With regards to Kaleidoscope, I’m not sure how long it’s going to end up being, but at the moment I want the scenes to be roughly of the same length, pivoting around a long middle scene. By coincidence, flicking through Cloud Atlas today, I see that it uses a similar structure, except in the book’s case, it “mirrors” around its central segment to create a structural palindrome. I’m a huge nerd for structural trickery in narratives, perhaps because I’m not particularly good at conventional plotting and so like seeing what other models are out there. You might perhaps know that Cloud Atlas’ structure was one of the reasons it was considered “unfilmable”. Lesson to all ye non-believers: Hollywood does not believe that anything is unfilmable. Someone will always give it a crack, and in this case it was the Wachowski siblings. Here are two articles discussing how the book’s setup was adapted for the screen. I’ve not been able to read all of either of them due to spoilers but, from what I did manage to get, the comparison is pretty fascinating.

Anyway, with today’s reading I’m forty four pages in now, which is one of the eleven segments (five segments split in two, with one in the middle), and I’m hooked.

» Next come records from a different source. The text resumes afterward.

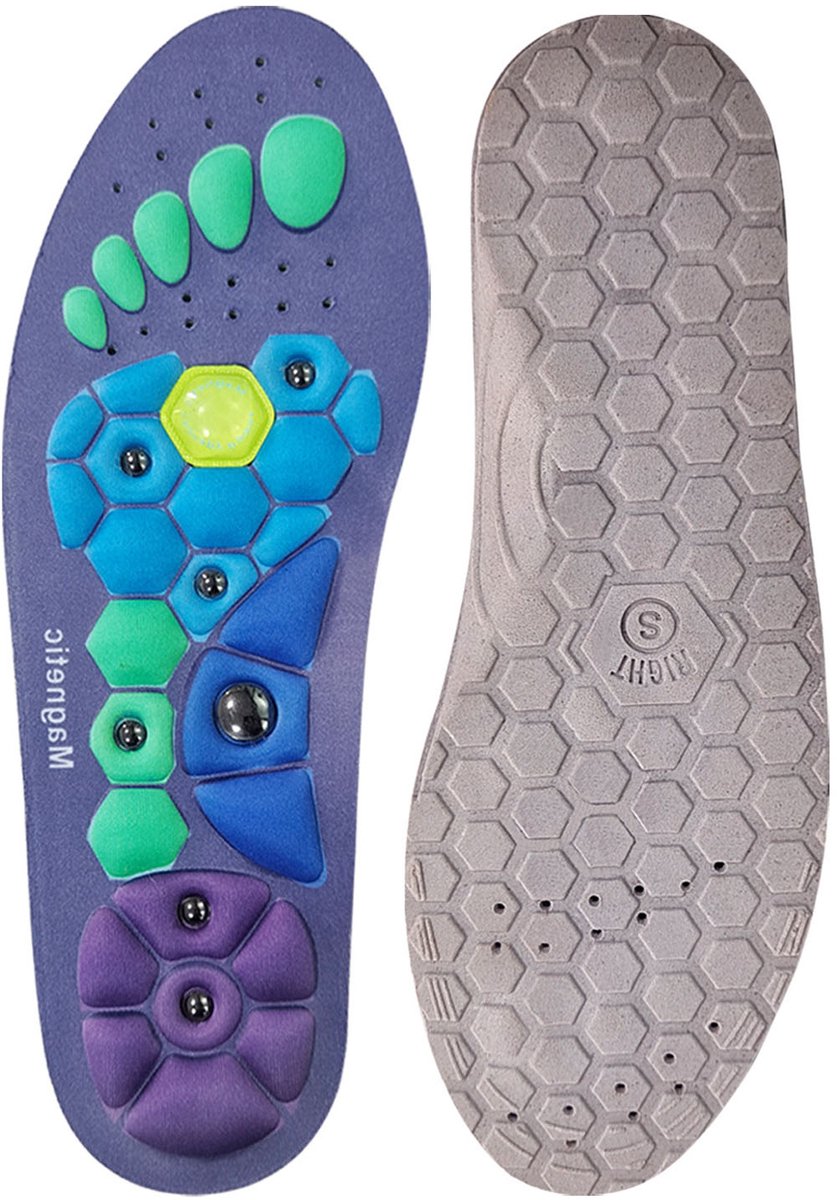 Magnetische Massage Inlegzolen – Maat 45-47 – Blauw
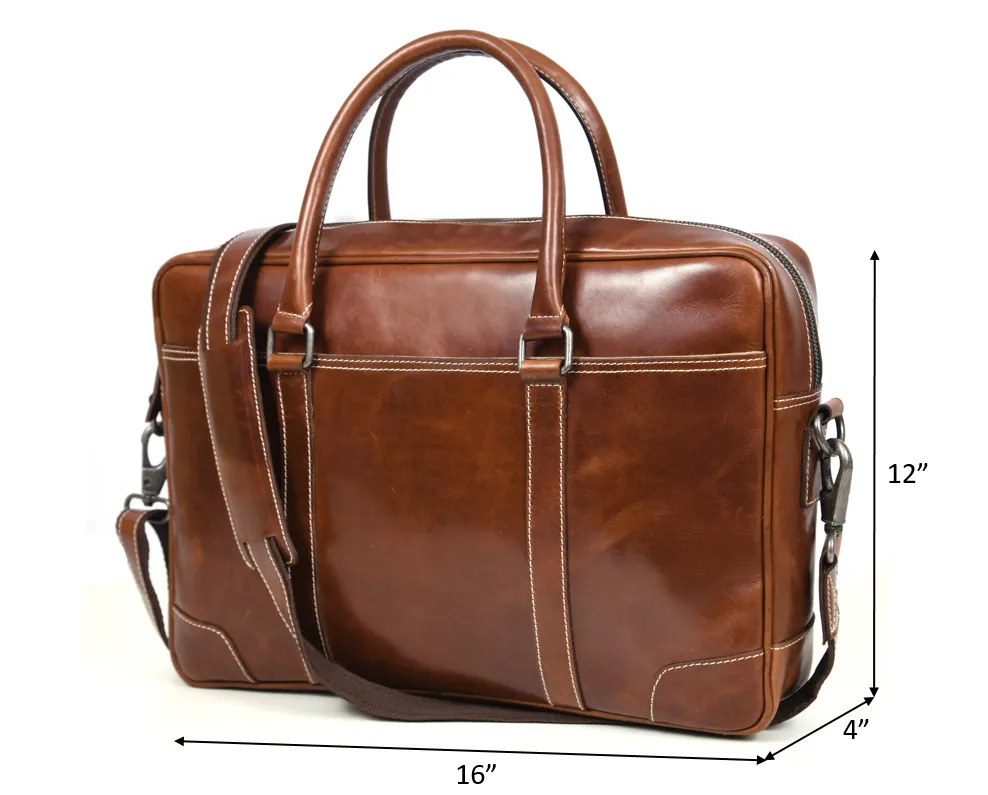 Hayward 17" Leather Office Bag - Cinnamon Tan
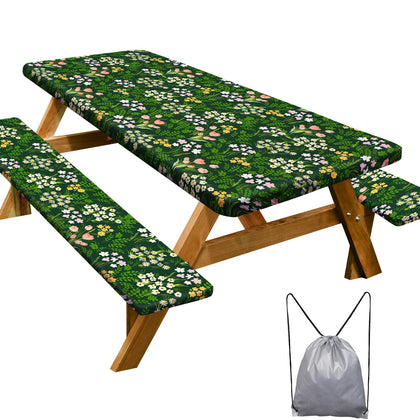 Play Tailor picnic table cover full set on green pink table protecting surfaces outdoors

Can’t wait to set a few hours to plough through it, rather than just snatching thirty minutes here and there, in between my application.

All of today’s Hot Workin’ Action occurred in the LSE library, that Temple of Concentration that I love to worship at, as long as it’s not too rammed. Today I found myself a new favourite spot on the Second Floor – nice bit of space to the side of the desk, and a window view (admittedly, of bricks, but a window nevertheless). Quiet, but not too bleak. The lack of internet access means that I mostly stick to one task and get lost in it in a way that I don’t elsewhere. Often, if I’m at home, I’ll try watching a show in one corner of my screen whilst working in another, and I think I’m killing two birds with one stone, but really I’m just doing both badly. There was none of those shenanigans today and my mind felt like one that belonged to a proper person, not some distraction monkey.